Another interesting read on paternalism is Peter de Marneffe’s Liberalism and Prostitution, which makes the case for regulations and restrictions on prostitution. De Marneffe also co-wrote The Legalization of Drugs: For and Against with Douglas Husak, which is of interest to those working on the topic of drug criminalization.

For a detailed exposition of an anti-paternalist position, I’d recommend Jessica Flanigan’s forthcoming book Pharmaceutical Freedom. Flanigan defends a robust right of choice in the context of pharmaceutical use in particular.

Ideal and Nonideal Theory

Much has been written in the last decade about John Rawls’s ideal theory. Rawls theorizes about justice and institutions on the assumption that society is fully (or at least nearly fully) just. We study the perfectly just society to, among other things, give us an ideal to guide our real-world actions.

Charles Mills’s groundbreaking paper “‘Ideal Theory’ as Ideology” argues that ideal theory is unable to provide useful real-world guidance and ignores decidedly nonideal problems, such as gender and racial inequalities. Amartya Sen’s influential The Idea of Justice criticizes ideal theory partly on the grounds that we don’t need to a conception of the perfect to have a workable conception of what counts as better. To use Sen’s example, I don’t need to know that Mount Everest is the world’s tallest mountain to know that one mountain is taller than another. Gerald Gaus’s The Tyranny of the Ideal builds a sustained critique of ideal theory as well. Gaus argues that utopian political theorizing is by nature a speculative enterprise and that the pursuit of perfect justice might mean that we fail to correct immediate injustices. My own book, Unequivocal Justice, argues against using the assumptions of ideal theory to analyze different types of political systems.
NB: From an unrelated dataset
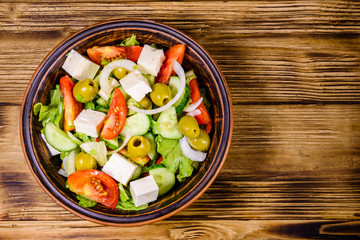 Ceramic plate with greek salad on wooden table. Top view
On the other side of the debate, G.A. Cohen’s Rescuing Justice and Equality criticizes Rawls for not being ideal enough. Cohen thinks that Rawls was wrong not to insist that people internalize an “egalitarian ethos” to motivate equality-minded decisions in their private lives. David Estlund’s “Utopophobia” argues that our theoretical account of justice need not be constrained by the likelihood of achieving that account of justice in practice. Other valuable insights into ideal theory can be found in the work of A. John Simmons, Zofia Stemplowska and Adam Swift, and a recent Social Philosophy and Policy volume.

Classical Liberalism and Social Justice

John Tomasi’s Free Market Fairness argues that classical liberal economists and philosophers have long endorsed a conception of social justice according to which institutions should be arranged to preferentially benefit society’s poorest members. Adam Smith and John Rawls might not be so different after all. More generally, Tomasi argues that a classical liberal political regime (in Tomasi’s terms, market democracy) can satisfy Rawlsian standards of justice and legitimacy. Another exposition of this kind of “neoclassical” liberal position can be found in Jason Brennan’s Libertarianism: What Everyone Needs to Know.

As you might expect, these arguments have generated a flurry of responses. An online symposium on Tomasi’s book was hosted by Bleeding Heart Libertarians. For interesting criticisms of Tomasi, see articles from Samuel Arnold, Jeppe von Platz, and a recent symposium in Critical Review.

As I mentioned at the outset, this was not a complete account of the state of the field. Rather, it was an introduction to some—and only some—of the debates that are currently gripping political philosophy. There are many others that are worth exploring further.